Lab: Probing in hash tables

Assigned: Thursday, 21 November 2024
Summary: We explore the consequences of probing in hash tables.

Preparation

a. Fork the repository at https://github.com/Grinnell-CSC207/lab-hashtables-maven..

b. Clone your copy.

c. Open the copy in VSCode. Update the README. Push the modified file.

Exercises

Exercise 0: Code Reading

Driver: A

Scan through the code for probed hash tables so that you understand what methods are available and what approaches are used. Make notes on areas that are likely to be problematic.

a. What methods are not yet implemented?

b. What parts of the code are likely to have problems? Why?

Exercise 1: Duplicate keys

Driver: A

As you may have noted, the code for set does not check to see if the key is already being used. The introductory notes therefore observe that this is a potential bug that should be fixed.

a.

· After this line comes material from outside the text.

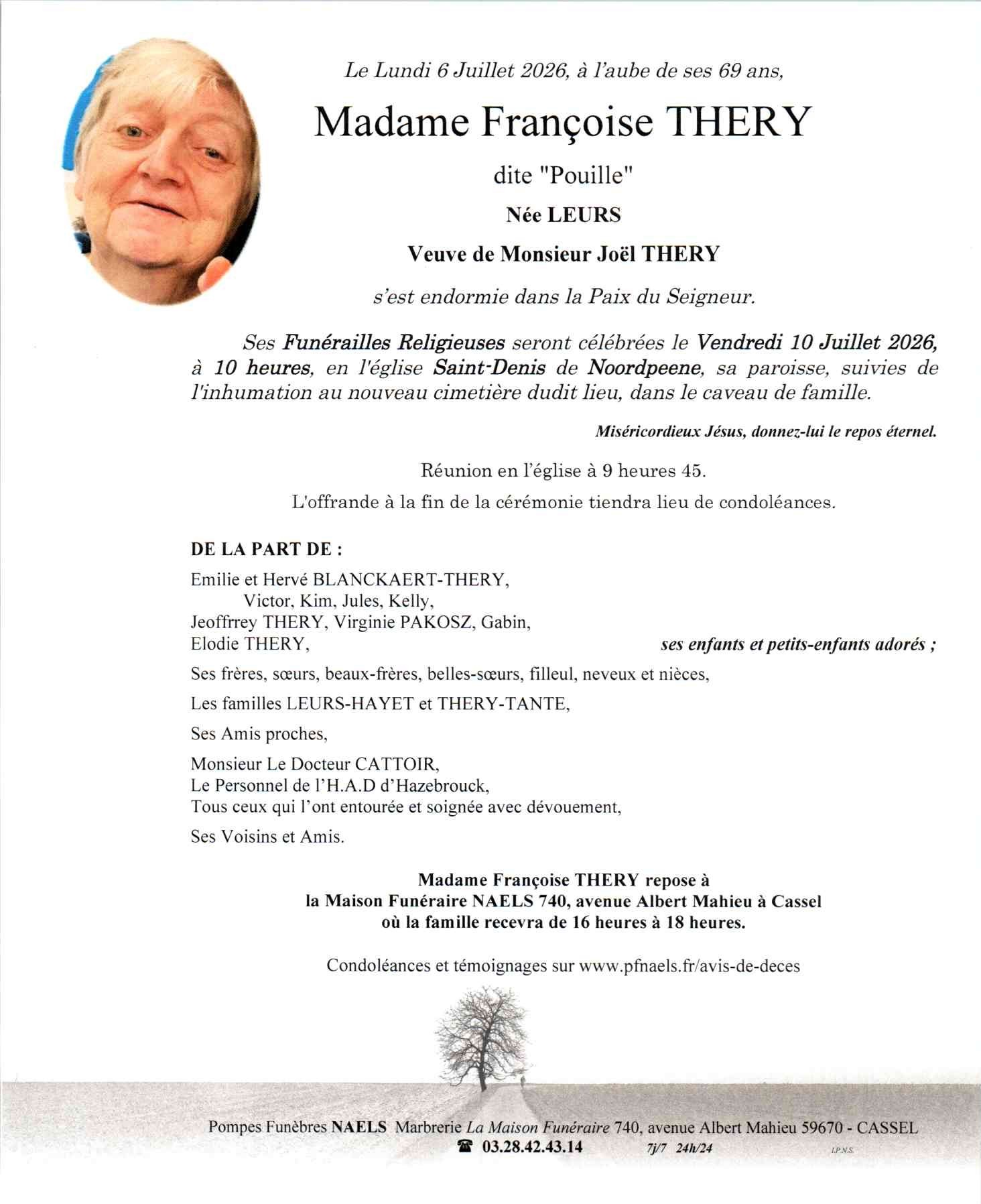 Avis de décès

Why is the failure to check whether the key is already used a potential bug? What effect might that failure to check have on the behavior of the program?

b. Fill in the body of repeatedSetExpt with some experiments that help you see this effect.

c. If you’d like, you can start with the following simple set of experiments.

    htab.reportBasicCalls(true);
    htab.set("alpha", "alpha");
    htab.dump(pen);
    htab.set("beta", "beta");
    htab.dump(pen);
    htab.set("bravo", "bravo");
    htab.dump(pen);
    htab.set("beta", "max");
    htab.dump(pen);
    htab.reportBasicCalls(false);
    checkGet(pen, htab, "bravo");
    pen.println();

d. Check the end of the lab for a description of the potential bug that we hope you observed.

e. Correct the bug.

Exercise 2: Verifying that keys match

Driver: B

As you may have noted, the code assumes that find returns a cell that has a pair with a matching key.

a. Is that the case? Why or why not?

b. In HashTableExperiments, uncomment the call to matchingKeysExpt to see what happens when two keys hash to the same location.

c. Squash that second bug by updating get to check whether the key in the given cell matches the expected key.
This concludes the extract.